When the Wall fell and East-Berlin was opened, a tremendous amount of abandoned, unused and empty spaces left by the old political and economic system appeared on the map. It took decades for the new system to establish order and regulations and to re-distribute these spaces.
It also set free several young generations of East-Germans, open and stimulated to explore what may come, and of West-Germans, who gradually seeped into the area and to whom an undeveloped, ruinous metropolis in a power-vacuum was unheard of. There and then, both of these groups may have experienced a freedom never known before.

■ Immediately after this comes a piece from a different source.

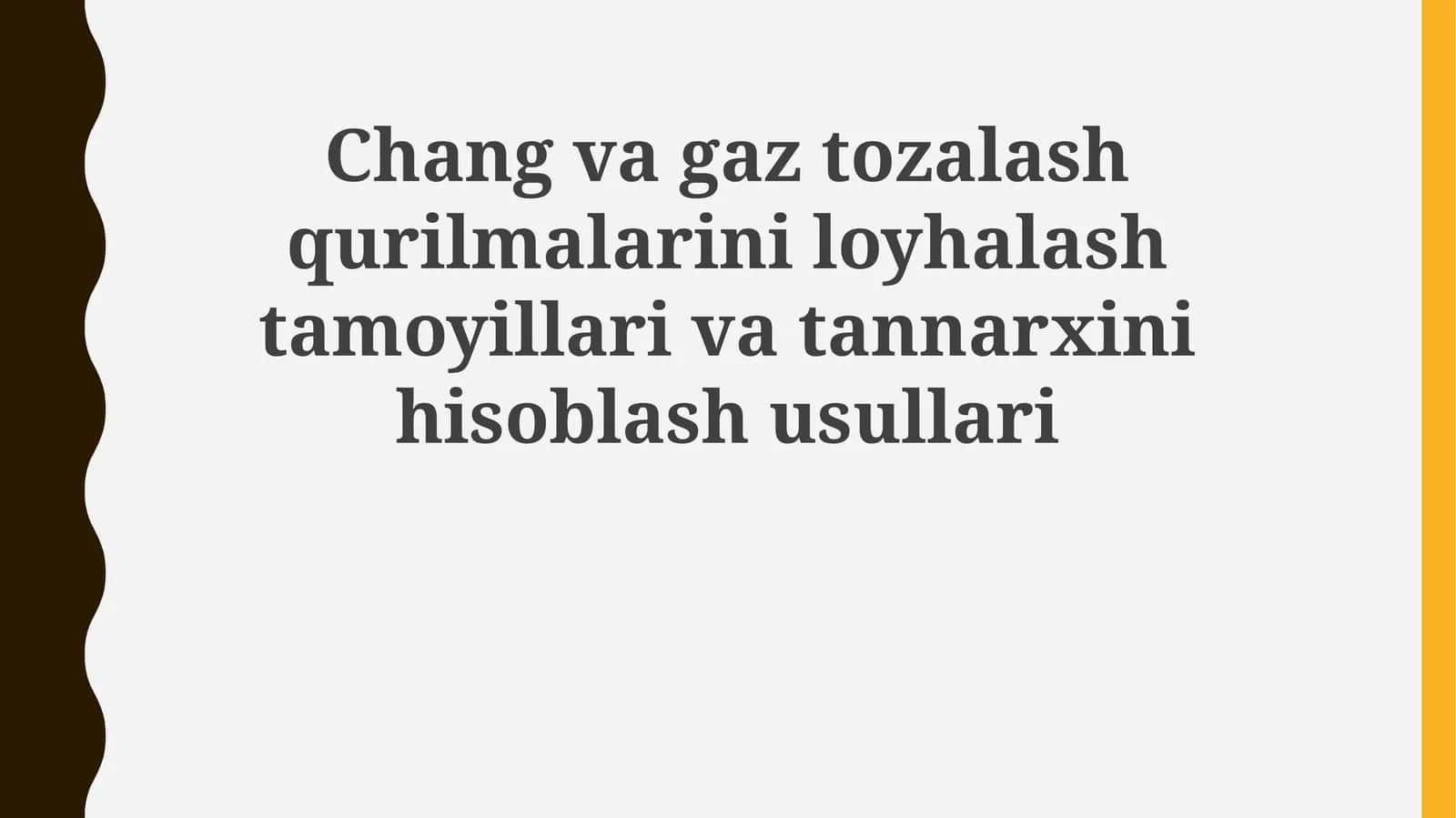 Changvagaztozalashqurilmalariniloyhalashtamoyillarivatannarxinihisoblashusullari 1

People started to explore these ´unknown territories´ and relics of other times - often clear memories of sinister historical significance. To them it was a possibility-horizon for a new beginning, alternative utilization, re-creation, ideas and - quite logically - celebration. They used sites they found as a canvas upon which to create social events and experiencial moments.

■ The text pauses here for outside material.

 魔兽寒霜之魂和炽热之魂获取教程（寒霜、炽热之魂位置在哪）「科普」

Simultaneously, a new kind of music was born and since then has become inseparably connected to Berlin. Techno music introduced an experience of exclusively synthetic sounds with a computing-precise beat and a design of sine-curves arranged into cascading sound-architectures. It focused on re-discovering pure, primal, archaic rhythm found in African and indigenous music. Put together, these aspects were entirely new to Western music-tradition and to general sound-perception. Yet it provided much of the soundtrack with which communion and identity was explored in these new territories.
This photographic series brings us to places and events of several ´scenes´ from ravers to hackers, as well as to grotesque situations as they occurred during the second post-wall decade.